──────── SOURCE DATA ────────

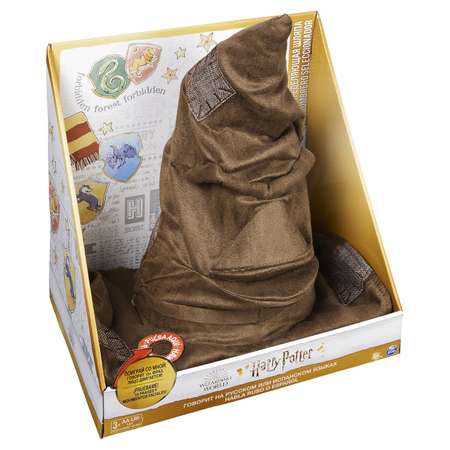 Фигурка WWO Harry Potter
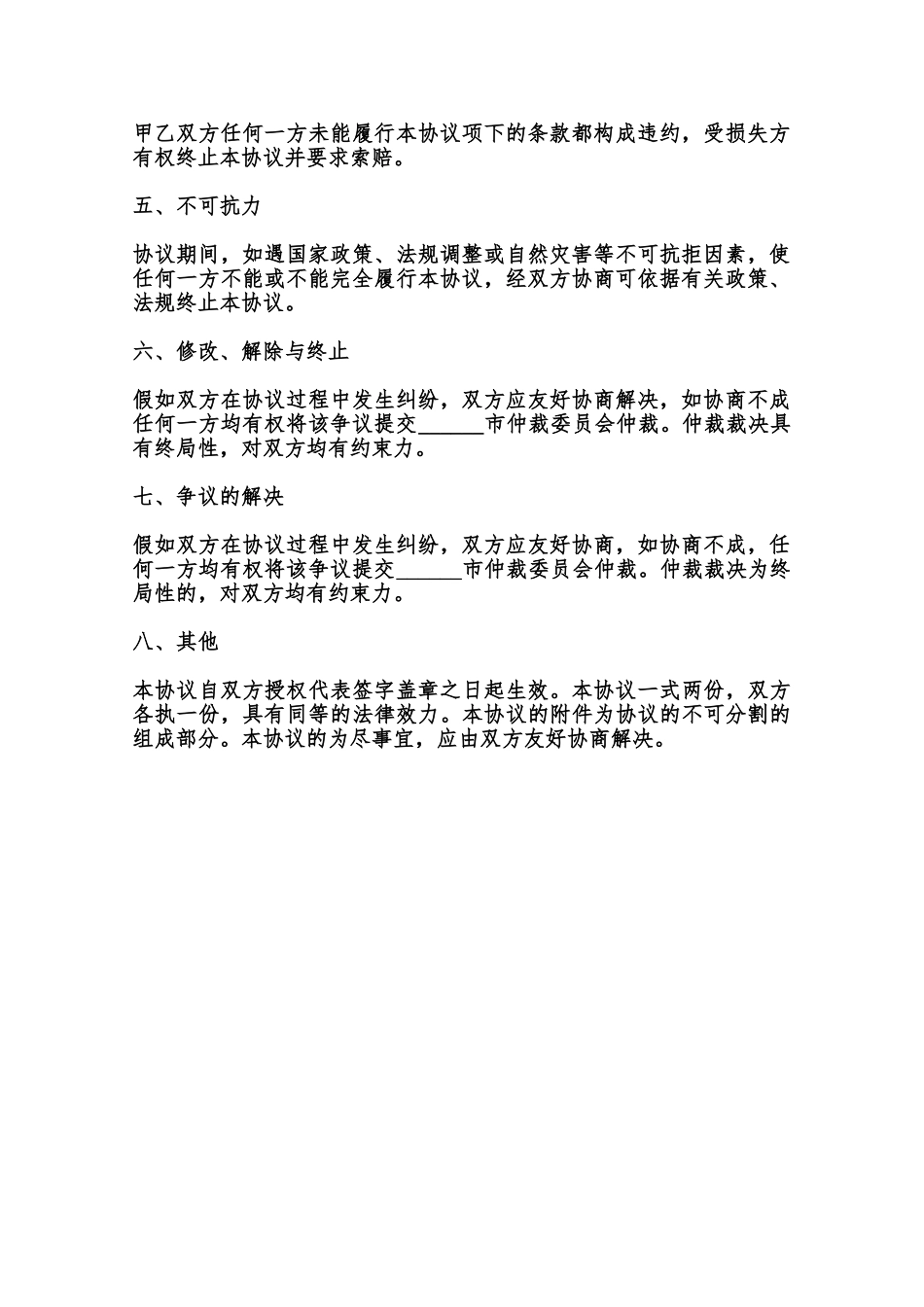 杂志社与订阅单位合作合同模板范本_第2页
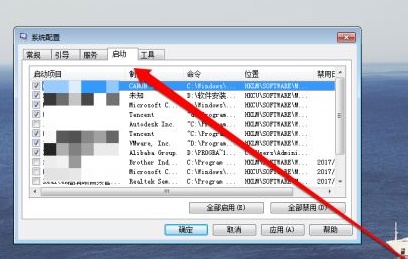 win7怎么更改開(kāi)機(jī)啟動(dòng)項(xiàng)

────────

PROBLEM TO WORK ON:
Please copy the data shown above precisely, leaving the images out.

TASK RESULT:
 Фигурка WWO Harry Potter
 杂志社与订阅单位合作合同模板范本_第2页
 win7怎么更改開(kāi)機(jī)啟動(dòng)項(xiàng)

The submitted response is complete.